Pero ya en los años sesenta el esquema insinuaba la cercanía de sus límites y con ella el riesgo de revertir sus logros. El país estaba ensimismado y, por momentos, petrificado. Había que abrirlo a la competencia internacional en la industria y el comercio, en el arte y el pensamiento. Había que abrirlo a la competencia política interna dando vida autónoma a los estados y municipios, a los poderes y a los partidos de oposición, a la disidencia y la crítica. Había que reconocer los inmensos costos materiales y morales de aferrarnos al premoderno arquetipo que en la práctica corrompía por igual al Estado y a la sociedad. La respuesta del Estado a partir de 1968 fue persistir, ahondar en la vieja práctica de cooptación. Durante los doce fatídicos años de Echeverría y López Portillo, el Estado mexicano creció a un ritmo y una dimensión sin precedentes, volviéndose un empleador indiscriminado a costa nada menos que del horizonte histórico de México. Bajo casi cualquier indicador económico o social que se elija (deuda pública, déficit fiscal, inflación, desigualdad, solidez de la moneda, crecimiento, centralización, productividad de las inversiones, corrupción) esas dos administraciones populistas fueron las más irresponsables de la historia mexicana.

Es natural que en 1982 sectores crecientes del país adquirieran conciencia de que el problema capital de México es un problema político. La vieja y sabia sentencia de Lord Acton cobró una dolorosa vigencia: "El poder corrompe, el poder absoluto corrompe absolutamente". El presidente De la Madrid entendió la mitad del problema. Inició una profunda reforma que abrió la economía a una sana competencia interna y externa. Por desgracia, olvidó que aquí, como en la Unión Soviética o en China, la Perestroika no funciona sin su respectiva Glasnost. Pudiendo hacerlo, no inició la necesaria reforma democrática cuya sola complicación residía en respetar los votos.
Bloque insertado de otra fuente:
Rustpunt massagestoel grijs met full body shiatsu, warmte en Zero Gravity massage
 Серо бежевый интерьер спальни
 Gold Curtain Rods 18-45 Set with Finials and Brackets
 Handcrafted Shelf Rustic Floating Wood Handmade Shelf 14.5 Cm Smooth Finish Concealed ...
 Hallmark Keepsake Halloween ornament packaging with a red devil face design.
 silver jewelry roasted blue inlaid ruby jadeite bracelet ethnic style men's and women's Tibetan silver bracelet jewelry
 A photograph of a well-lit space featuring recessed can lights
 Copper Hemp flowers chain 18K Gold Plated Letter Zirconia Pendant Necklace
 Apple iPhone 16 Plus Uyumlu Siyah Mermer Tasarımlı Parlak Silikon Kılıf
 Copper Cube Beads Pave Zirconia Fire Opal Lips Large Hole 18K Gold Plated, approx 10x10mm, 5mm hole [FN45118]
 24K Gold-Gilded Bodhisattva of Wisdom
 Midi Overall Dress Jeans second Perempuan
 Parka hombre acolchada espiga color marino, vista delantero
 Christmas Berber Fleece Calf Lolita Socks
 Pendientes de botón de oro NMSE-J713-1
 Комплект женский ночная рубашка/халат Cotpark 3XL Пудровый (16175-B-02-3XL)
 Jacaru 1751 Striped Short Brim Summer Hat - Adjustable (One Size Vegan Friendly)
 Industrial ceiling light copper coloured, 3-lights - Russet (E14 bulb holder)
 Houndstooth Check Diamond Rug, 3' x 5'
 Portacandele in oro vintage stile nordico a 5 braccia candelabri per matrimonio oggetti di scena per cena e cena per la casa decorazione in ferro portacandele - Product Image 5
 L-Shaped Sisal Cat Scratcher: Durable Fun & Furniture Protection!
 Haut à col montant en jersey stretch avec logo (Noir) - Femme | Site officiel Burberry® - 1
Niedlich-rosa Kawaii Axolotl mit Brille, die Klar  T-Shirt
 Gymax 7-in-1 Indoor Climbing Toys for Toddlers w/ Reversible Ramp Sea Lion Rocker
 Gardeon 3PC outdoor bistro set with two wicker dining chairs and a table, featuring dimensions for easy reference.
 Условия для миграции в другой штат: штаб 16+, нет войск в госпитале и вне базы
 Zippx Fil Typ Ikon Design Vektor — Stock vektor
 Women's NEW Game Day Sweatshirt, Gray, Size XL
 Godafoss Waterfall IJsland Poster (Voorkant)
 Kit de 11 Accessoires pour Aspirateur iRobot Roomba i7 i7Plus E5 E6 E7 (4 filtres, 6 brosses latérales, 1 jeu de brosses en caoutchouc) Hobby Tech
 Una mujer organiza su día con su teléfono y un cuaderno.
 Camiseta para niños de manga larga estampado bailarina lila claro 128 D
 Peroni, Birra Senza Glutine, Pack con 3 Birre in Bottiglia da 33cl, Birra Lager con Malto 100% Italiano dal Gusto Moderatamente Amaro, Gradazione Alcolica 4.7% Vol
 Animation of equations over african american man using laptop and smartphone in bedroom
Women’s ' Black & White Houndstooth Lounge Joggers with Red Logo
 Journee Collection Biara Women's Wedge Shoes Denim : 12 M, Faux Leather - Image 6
En lugar de abanderar el cambio democrático, dejó que una facción del PRI se desprendiera del edificio y tomara esa bandera.

Armados con la imagen carismática y mitológica de Lázaro Cárdenas (el presidente mexicano que, a despecho de sus bien ganados prestigios nacionalistas, más hizo por consolidar el edificio del corporativismo político mexicano) su hijo Cuauhtémoc y sus seguidores lograron en una acción independiente, pero conjunta con el PAN la hazaña de romper la era del partido único. Pero en México al menos, Santo Tomás no ha muerto. Vivimos una paradoja similar a la que encarnaron los Constituyentes de 1917. El neocardenismo, ariete decisivo en el actual proceso de democratización, es al mismo tiempo, ideológicamente, el heredero directo del viejo arquetipo novohispano.

En sus discursos y su plataforma, los neocardenistas reivindican al Estado que ya estuvo en el poder de Echeverría y López Portillo, al Estado interventor, planificador, tutelar, populista... al Estado que nos condujo a la ruina. El reverso de la paradoja no es menos extraño y fascinante: en el centro mismo del viejo edificio corporativo, preso de mil intereses sindicales, burócraticos y políticos, Carlos Salinas de Gortari avanza hacia la modernidad económica y promete democracia.

Ninguna auténtica reforma política echará raíces en México mientras los salinistas y los cardenistas, hermanos enemigos, hijos todos del añoso tronco neotomista, no critiquen el modelo implícito del que ambos parten, y devuelvan a la sociedad la tutela sobre sí misma.